A similar conversion occurred when Klages and Clark used ePortfolios with BW students; the students “began to transform their relationship to writing, emerging as confident writers with a new sense of how they can translate their authority onto the page” (47). Klages and Clark’s emphasis on reflective practice, at both the individual level and by commenting on the work created by their peers, enabled students to grow as both readers and writers.
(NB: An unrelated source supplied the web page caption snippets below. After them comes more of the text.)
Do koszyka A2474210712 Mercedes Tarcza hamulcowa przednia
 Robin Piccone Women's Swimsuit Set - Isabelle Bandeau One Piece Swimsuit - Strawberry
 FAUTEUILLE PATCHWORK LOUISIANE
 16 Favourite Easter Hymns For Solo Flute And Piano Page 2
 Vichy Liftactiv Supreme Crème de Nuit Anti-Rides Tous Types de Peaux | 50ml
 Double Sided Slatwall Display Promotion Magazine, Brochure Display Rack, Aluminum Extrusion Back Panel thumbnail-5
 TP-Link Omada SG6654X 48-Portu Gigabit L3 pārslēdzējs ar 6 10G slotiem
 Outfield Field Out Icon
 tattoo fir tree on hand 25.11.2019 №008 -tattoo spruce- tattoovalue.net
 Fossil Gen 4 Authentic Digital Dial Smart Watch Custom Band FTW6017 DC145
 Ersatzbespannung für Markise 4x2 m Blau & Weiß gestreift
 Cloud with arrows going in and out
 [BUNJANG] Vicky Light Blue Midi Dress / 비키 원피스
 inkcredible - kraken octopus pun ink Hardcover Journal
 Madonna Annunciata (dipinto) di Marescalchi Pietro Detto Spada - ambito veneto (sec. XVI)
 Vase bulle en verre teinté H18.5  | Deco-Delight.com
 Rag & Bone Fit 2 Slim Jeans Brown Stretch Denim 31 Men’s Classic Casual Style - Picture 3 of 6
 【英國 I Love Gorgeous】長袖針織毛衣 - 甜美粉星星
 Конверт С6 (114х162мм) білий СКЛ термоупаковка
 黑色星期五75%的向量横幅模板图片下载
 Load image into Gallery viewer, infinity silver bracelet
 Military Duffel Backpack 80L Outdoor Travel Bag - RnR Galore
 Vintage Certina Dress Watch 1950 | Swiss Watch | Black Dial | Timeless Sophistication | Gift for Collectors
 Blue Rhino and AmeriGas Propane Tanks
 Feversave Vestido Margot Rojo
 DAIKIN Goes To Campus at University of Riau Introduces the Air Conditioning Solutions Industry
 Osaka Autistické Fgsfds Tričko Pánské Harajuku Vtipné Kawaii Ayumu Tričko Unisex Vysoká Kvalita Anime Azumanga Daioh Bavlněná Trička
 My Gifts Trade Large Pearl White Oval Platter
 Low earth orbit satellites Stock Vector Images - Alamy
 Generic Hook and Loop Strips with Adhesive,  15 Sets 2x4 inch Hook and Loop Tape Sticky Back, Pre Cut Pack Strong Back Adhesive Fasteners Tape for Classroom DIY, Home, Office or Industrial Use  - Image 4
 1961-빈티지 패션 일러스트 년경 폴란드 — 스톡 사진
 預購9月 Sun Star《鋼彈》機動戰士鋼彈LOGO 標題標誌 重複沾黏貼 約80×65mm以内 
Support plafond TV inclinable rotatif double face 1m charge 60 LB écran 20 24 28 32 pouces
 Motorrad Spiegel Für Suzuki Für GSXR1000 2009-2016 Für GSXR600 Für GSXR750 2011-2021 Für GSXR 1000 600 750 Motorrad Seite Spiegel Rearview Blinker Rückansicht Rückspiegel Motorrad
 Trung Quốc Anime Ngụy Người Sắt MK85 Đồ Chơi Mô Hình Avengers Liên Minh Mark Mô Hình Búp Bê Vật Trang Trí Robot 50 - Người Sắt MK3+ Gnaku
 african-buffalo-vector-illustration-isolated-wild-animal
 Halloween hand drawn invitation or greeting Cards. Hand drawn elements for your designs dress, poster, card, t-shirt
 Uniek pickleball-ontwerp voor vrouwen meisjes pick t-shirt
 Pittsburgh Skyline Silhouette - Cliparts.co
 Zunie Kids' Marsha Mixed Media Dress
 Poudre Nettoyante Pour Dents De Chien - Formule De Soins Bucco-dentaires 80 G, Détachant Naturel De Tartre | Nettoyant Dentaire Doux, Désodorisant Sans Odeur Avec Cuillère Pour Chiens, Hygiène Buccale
At the heart of this type of pedagogy is concern about social inequality. Students in BW often feel as though others have been given a rule book while they are navigating the world without one of their own or that the rules were created intentionally to benefit a group of people other than them. Through pedagogy, Basic Writing instructors seek to level the playing field and reveal not only the rules but the systems that have created the rules.

Works Cited

Bernstein, Susan Naomi. “Basic Writing: In Search of a New Map.” Modern Language Studies 40.2 (2011): 60-75. JSTOR 24 Sept. 2015. Web.

Carter, Shannon. “The Way Literacy Lives.” Teaching Developmental Writing: Background Readings. Ed. Susan Naomi Bernstein. 4th ed. Bedford: Boston, 2013. 161-183. Print.

Klages, Marisa A. and J. Elizabeth Clark. “New Worlds of Errors and Expectations: Basic Writers and Digital Assumptions.” Journal of Basic Writing 28.1 (2009): 32-49. ERIC Web. 21 Sept. 2016.

Lauer, Janice M. “Rhetoric and Composition.” English Studies: An Introduction to the Discipline. Ed. Bruce McComiskey. NCTE: Urbana, IL, 2006. 106-152. Print.

New London Group. “A Pedagogy of Multiliteracies: Designing Social Futures.” Harvard Educational Review. 66.1 (1996): 60-92. Print.

Yagelski, Robert P. “English Education.” English Studies: An Introduction to the Discipline. Ed. Bruce McComiskey.NCTE: Urbana, IL, 2006. 275-319. Print.